# International II



## Brad King (Sep 30, 2007)

Just bought a set of International II's from Capt. Whupass here on the forum. They are in great shape. Visually and mechanically. I have only found one flaw and would like to repair it.

On one of the 50's the little strike detent is stuck down in the reel. I am assuming it's a spring of some sorts. My question is should I break it down and try to replace it myself, or do I not want to open that can of worms. Should I take it to a professional and have it repaired.

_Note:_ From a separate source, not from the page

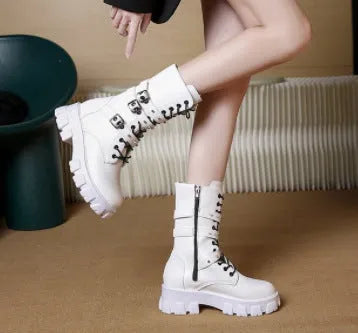 Women's black mid-calf boots with a metal buckle strap and side zipper, made of artificial PU leather.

Thanks for any advive.....



By the way. Capt. Whupass.... you are an awesome guy. Wish I could have hung out and had a few beers with you!!!!


----------



## John B. (Oct 2, 2007)

swing it by Captain Corey Maxwell up at GBB&T... he can take care of ya!


----------



## Brad King (Sep 30, 2007)

Capt. Corey......Right on. 

Thanks bro!!!!


----------



## John B. (Oct 2, 2007)

anytime!


----------



## Realtor (Oct 1, 2007)

same think happened to my 80W,

I just put a very small drop of wd-40 and worked in up & down till it worked freely.


----------



## Brad King (Sep 30, 2007)

Awesome.

Step 1 - Apply lubricant

Step 2 - Take it to Capt. Corey

Thanks alot for the advice guy's


----------



## Feeding Frenzy (Feb 26, 2008)

> *Brad K (6/9/2008)*Awesome.
> 
> Step 1 - Apply lubricant
> 
> ...


My 2 cents. Which nobody usually wants. Put for sale on EBay and go get a set of EVEROLS. But if you like them that much, I will give you a better price on a pairof them than Whupass did so I can go get another EVEROL!:letsdrink


----------



## bonita dan (Oct 3, 2007)

Some of that PB blaster stuff might work a little better than the Wd-40. Amazing stuff ,after all it does say As Seen On TV on the can.


----------



## Feeding Frenzy (Feb 26, 2008)

> *bonita dan (6/18/2008)*Some of that PB blaster stuff might work a little better than the Wd-40. Amazing stuff ,after all it does say As Seen On TV on the can.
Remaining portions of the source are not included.